* _Instructions to follow_:
Go through the listing and set it down exactly, leaving out its pictures.

(Material to process Opens)

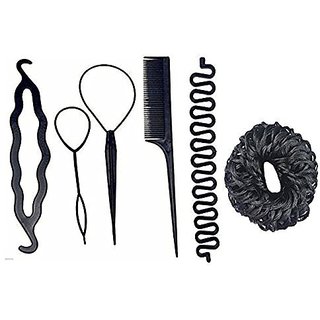 Buy Gulzar Hair Accessories Juda Bands, Braids Tools, Comb, Bun Maker For  Girls (Combo of 6 Tools) Online @ ₹299 from ShopClues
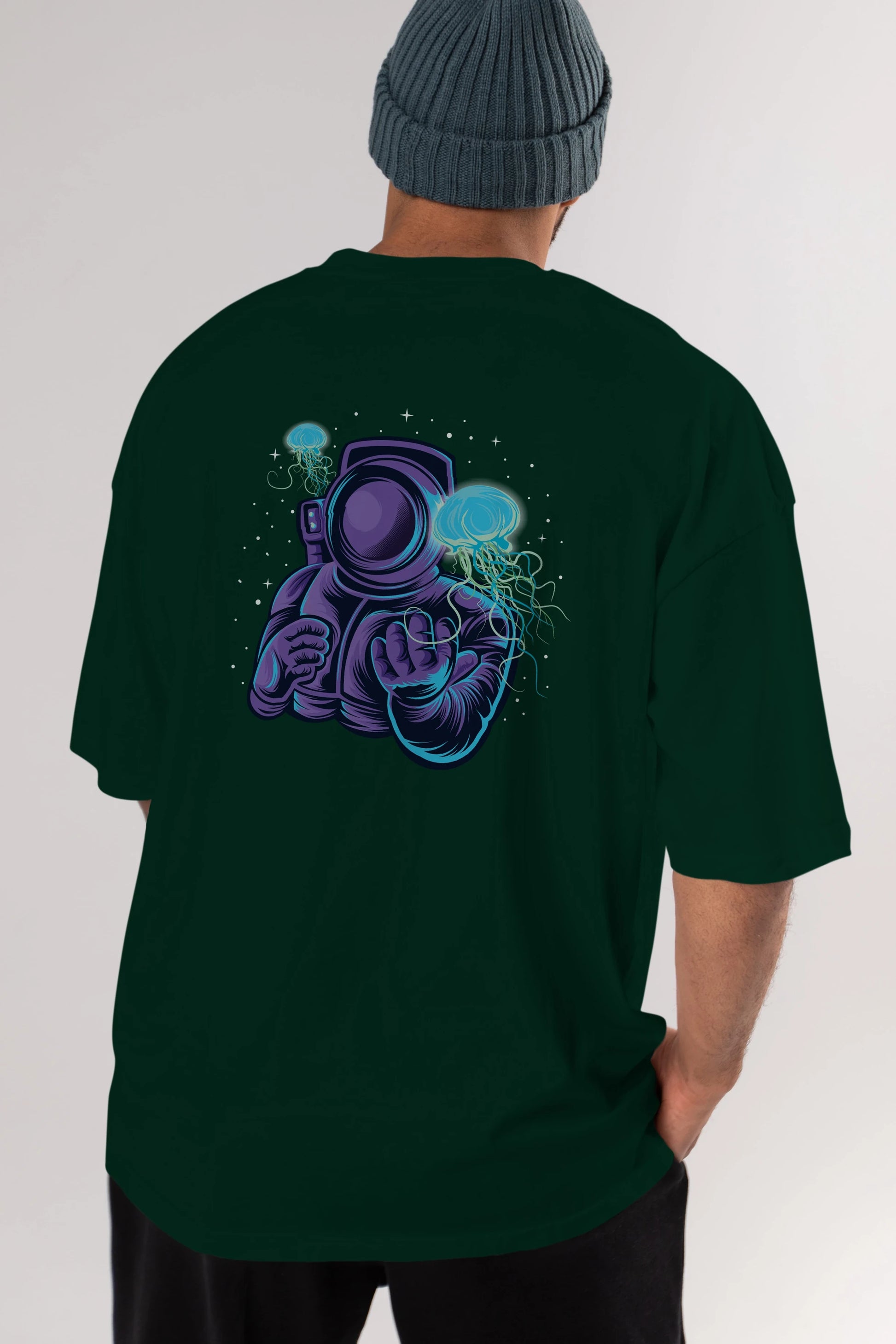 Astronaut and Jellyfish Arka Baskılı Oversize t-shirt Erkek Kadın Unisex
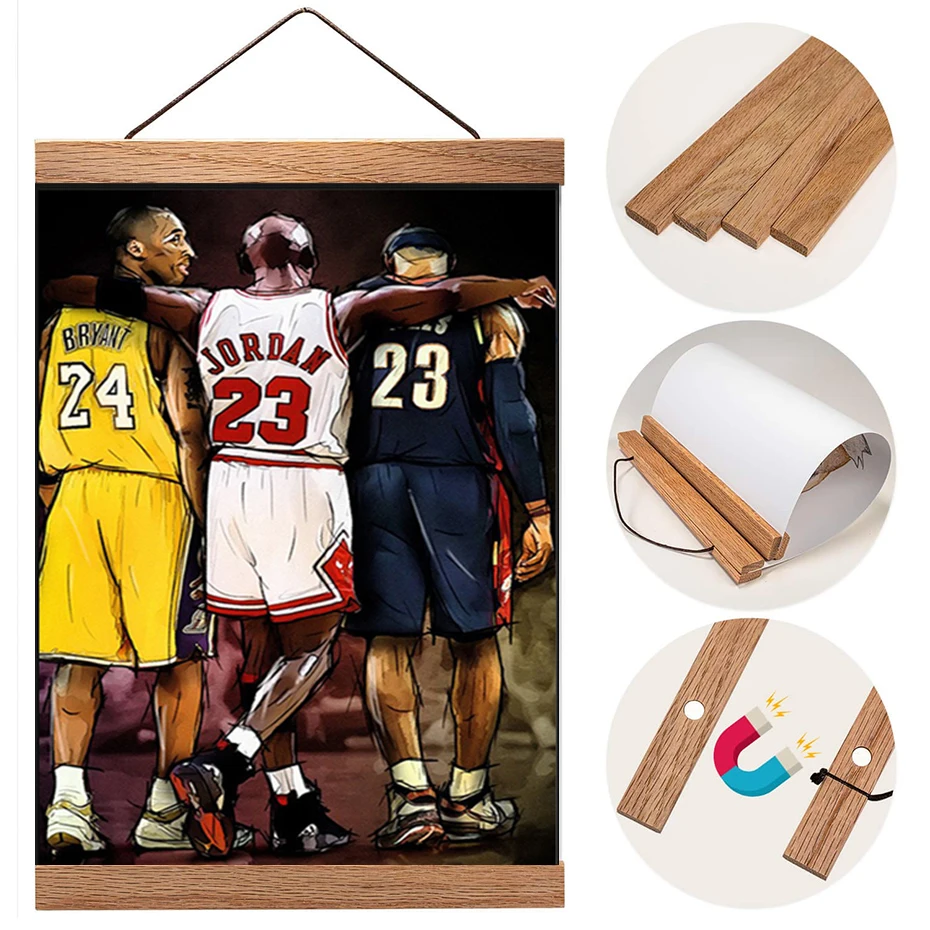 

Nature Solid Wood Hanger Frame Magnetic Poster Teak Pine Magnet Kit for Photo Pictures Wall Art Map Canvas Print Home Decor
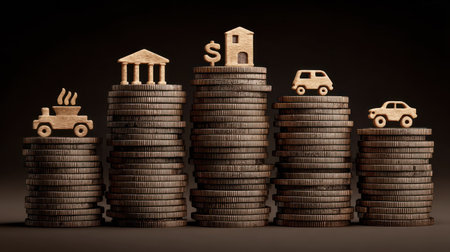 This image showcases stacks of coins, each topped with a small wooden symbol representing different aspects of assets. Various elements like miniature house, car, bank are on the coin piles. The lighting casts subtle shadows. The image might be used in financial reports or advertising related to savings and investment.の素材
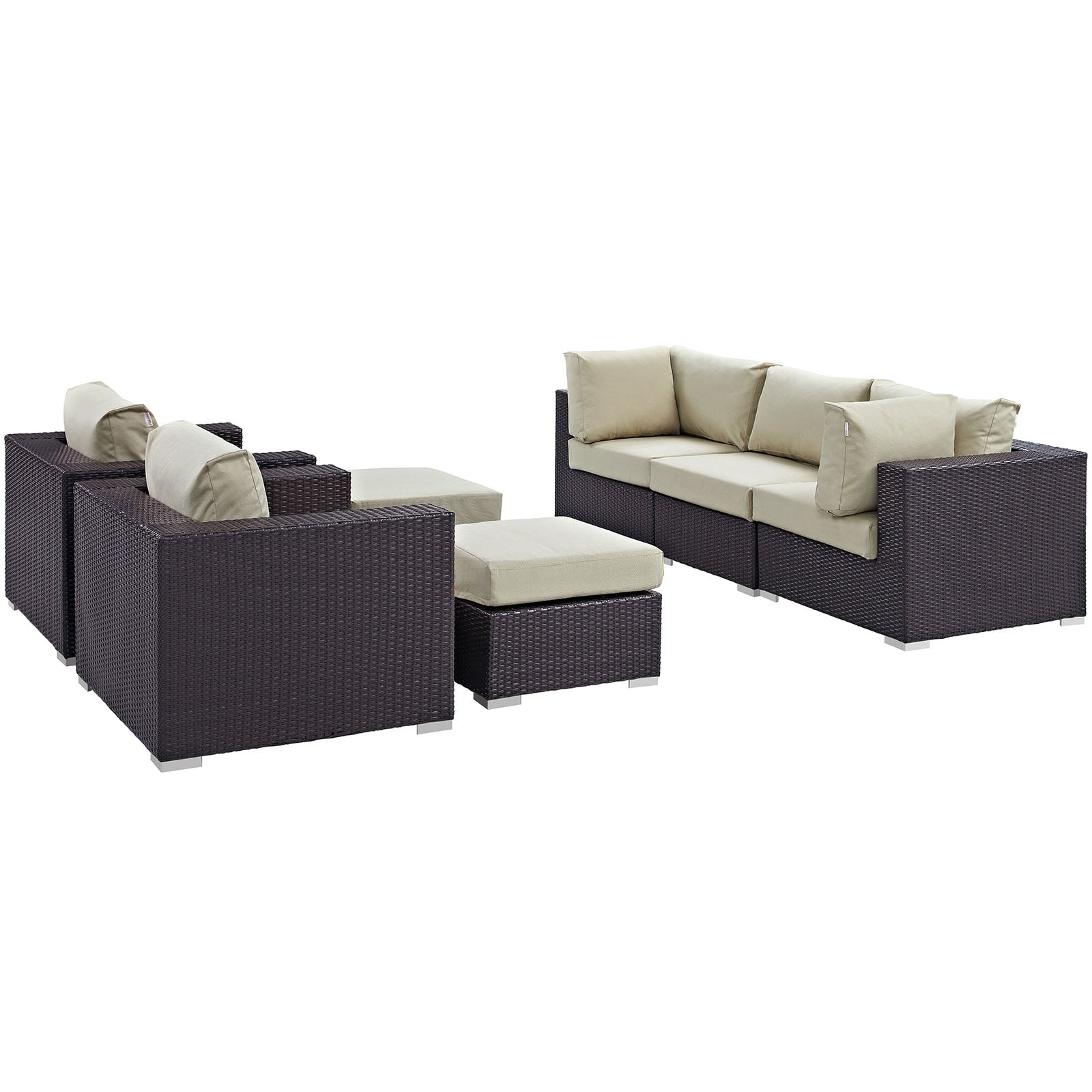 Modway Outdoor Conversation Sets - Convene 7 Piece 169.5" Outdoor Patio Sectional Set Espresso Beige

(Material to process Closes)

* _Answer to the problem_:
 Buy Gulzar Hair Accessories Juda Bands, Braids Tools, Comb, Bun Maker For  Girls (Combo of 6 Tools) Online @ ₹299 from ShopClues
 Astronaut and Jellyfish Arka Baskılı Oversize t-shirt Erkek Kadın Unisex

Nature Solid Wood Hanger Frame Magnetic Poster Teak Pine Magnet Kit for Photo Pictures Wall Art Map Canvas Print Home Decor
 This image showcases stacks of coins, each topped with a small wooden symbol representing different aspects of assets. Various elements like miniature house, car, bank are on the coin piles. The lighting casts subtle shadows. The image might be used in financial reports or advertising related to savings and investment.の素材
 Modway Outdoor Conversation Sets - Convene 7 Piece 169.5" Outdoor Patio Sectional Set Espresso Beige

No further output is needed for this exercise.